A linked list has to either allocate or free memory whenever a value is added or removed. A node also has two pointers (in the case of a doubly linked list) to reference another node that comes before, and one that comes after. Both Vector and Deque allocate a buffer of memory in advance, so there’s no need to allocate and free as often. They also don’t need additional pointers to know what value comes before or after another, so there’s less overhead.
Would a linked list have lower peak memory because there’s no buffer?

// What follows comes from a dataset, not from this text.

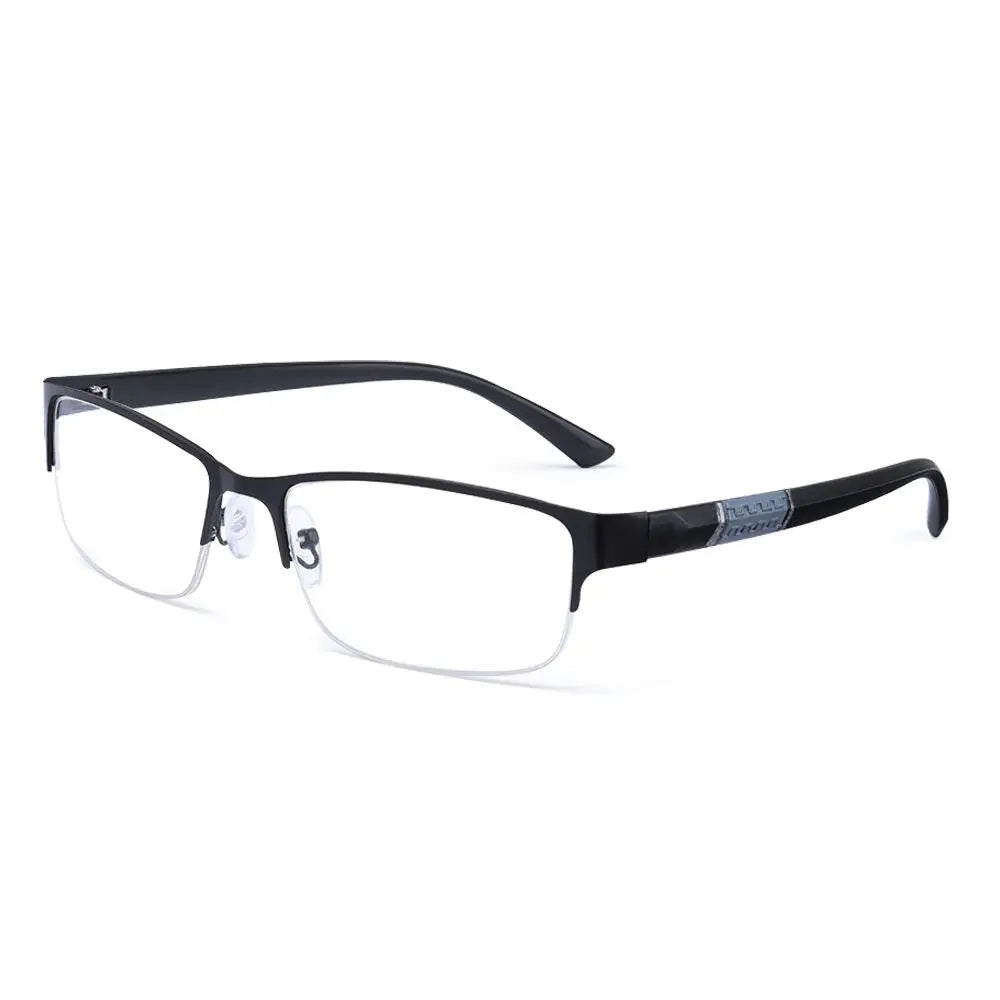 Reading Glasses Men Women High Quality Half-frame Diopter Glasses Business Male Presbyopic Eyeglasses +1.0 1.5 2.0 2.5 3.0 3.5 4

Only when the collection is very small. The upper bound of a Vector’s memory usage is ((1.5 * (size - 1)) * zval) bytes, with a minimum of 10 * zval. A doubly linked list would use (size * (zval + 8 + 8)) bytes, so would only use less memory than a Vector when its size is less than 6.
Okay… so a linked list uses more memory. But why is it slow?
The nodes of a linked list have bad spatial locality. This means that the physical memory location of a node might be far away from its adjacent nodes. Iterating through a linked list therefore jumps around in memory instead of utilizing the CPU cache. This is where both Vector and Deque have a significant advantage: values are physically right next to each other.
“Discontiguous data structures are the root of all performance evil. Specifically, please say no to linked lists.”
“There is almost nothing more harmful you can do to the performance of an actual modern microprocessor than to use a linked list data structure.”
— Chandler Carruth (CppCon 2014)
PHP is a web development language — performance is not important.
Performance should not be your top priority. Code should be consistent, maintainable, robust, predictable, safe, and easy to understand. But that’s not to say that performance is “not important”.
We spend a lot of time trying to reduce the size of our assets, benchmark frameworks, and publish pointless micro-optimisations:
- print vs echo, which one is faster?
- The PHP Ternary Operator: Fast or not?
- The PHP Benchmark: setting the record straight
- Disproving the Single Quotes Performance Myth
The ~2x performance increase that came with PHP 7 had us all desperately eager to try it out. It’s arguably one of the most-mentioned benefits of switching from PHP 5.
Efficient code reduces the load on our servers, reduces the response time of our APIs and web pages, and reduces the runtime of our development tools. Performance is important, but maintainable code should come first.